No somos las únicas que podemos hablar de ello, pero desde luego, no podemos quedar invisibilizadas en los procesos donde se tienen que dirimir todo lo que afecta a nuestras sociedades. Las guerras, los genocidios y la violencia machista tienen una interconexión en la que las mujeres queremos dejar de ser sus víctimas y ello no es posible sin desarmar la masculinidad (B. Ranea) y su legítima violencia. La masculinidad genera una perfomance real que entraña numerosos peligros para los propios hombres desde conductas de riesgo hacia sus cuerpos, pero también hacía los cuerpos ajenos, sobre los que pueden expresar toda sus frustraciones y venganza. Quienes programan las guerras necesitan de esa legitimidad en pos de una supuesta seguridad, a veces, incluso apelando a la necesidad de «salvar» a las mujeres. No es responsabilidad solo de la masculinidad; todas las personas contribuimos al mantenimiento de la industria de la guerra con una cultura que vende la violencia como ocio y diversión y que pone en valor la aniquilación por tierra, mar y aire.

Las mujeres debemos ser agentes en la resolución de los conflictos, y el feminismo debe poder tener voz, o voces propias, sobre cómo articular la convivencia, sobre cómo construir una vida libre de violencias.

Cuando realizamos cualquier acción debemos de integrar el objetivo de la misma, cómo va a operar en el contexto, qué cambios va a producir, a quién va a beneficiar.

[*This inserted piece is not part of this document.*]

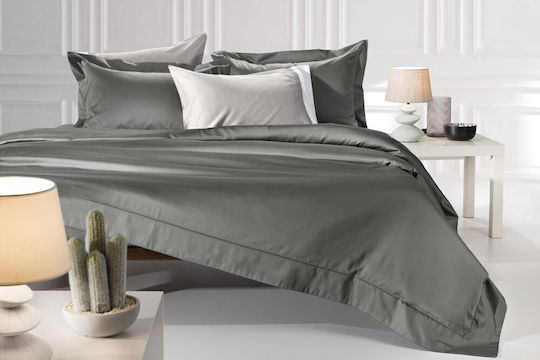 Guy Laroche Silky Σεντόνι King Size 270x280εκ. Anthracite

Hace unas semanas, Marcela Lagarde, feminista que ha aportado tanto a la comprensión de la violencia patriarcal, sufrió un intento de cancelación en la Universidad Complutense. Confundir el ejercicio de desobediencia civil con el ataque a pensadoras que están participando como tales en un espacio universitario que debe de promover el debate, no es sino una imposición y un intento de cancelación de la base del feminismo, el pensamiento crítico. Leía un tweet de Ana De Miguel sobre lo ocurrido en la Complutense, en el que señalaba la impotencia acerca de que no podemos defendernos de estos ataques. También leía que «la norma del pacifismo en el feminismo es una losa», confundiendo propuesta de desobediencia con la «no acción». Lo que no podemos es entrar en unas reglas de juego patriarcales a las que les gustaría que nos doblegáramos. El título con el que abro este artículo es de una frase de M. Lagarde que supone una declaración de desacato frente a un modelo belicista, de batallas, de vencedores y excluidas.

No podemos obviar que en muchas ocasiones la resistencia y la desobediencia civil han sido señaladas como actos de violencia por el poder. La ocupación de los pasillos de hospitales para exigir el derecho al aborto en la sanidad pública, la ocupación de las calles, las movilizaciones contra la violencia, le asustan a un poder que no sabe traducir, salvo a su lenguaje belicista, cualquier acción que desobedezca su dominio. Si creemos, y desde ahí me posiciono, que el feminismo sirve para cambiar la vida de todas las personas, que nos enriquece y configura un desmantelamiento de las relaciones de género, eso implica definir también las estrategias y los medios. La imagen de encapuchadas en la Complutense podría representar dos escenarios, uno en el que los y las activistas trans deben preservar su rostro por el riesgo de persecución y, un segundo, de búsqueda de intimidación, pero asegurando la impunidad. Me inclino por este último en el que no se pretende ningún debate, no hay argumento, solo repetición de eslóganes silenciando cualquier oposición.

Me preocupa no el hecho aislado, sino la repercusión y defensa, por parte de destacadas activistas trans, de dicho acto, desde la exigencia de pago a M. Lagarde, hasta la advertencia de la caída de las vacas sagradas del feminismo. Nunca creí en lo sagrado, ni en el dogma, ni en la posibilidad de transformar con las mismas armas del patriarcado (Lorde); la exclusión, el silencio, la cancelación, la intimidación y el ruido por encima de la argumentación.

No es esencialismo o naturalización, sino una propuesta política civilizatoria y de convivencia. Ser disidente de género no es adscribirse al privilegio del dominador, sino romper con el mismo.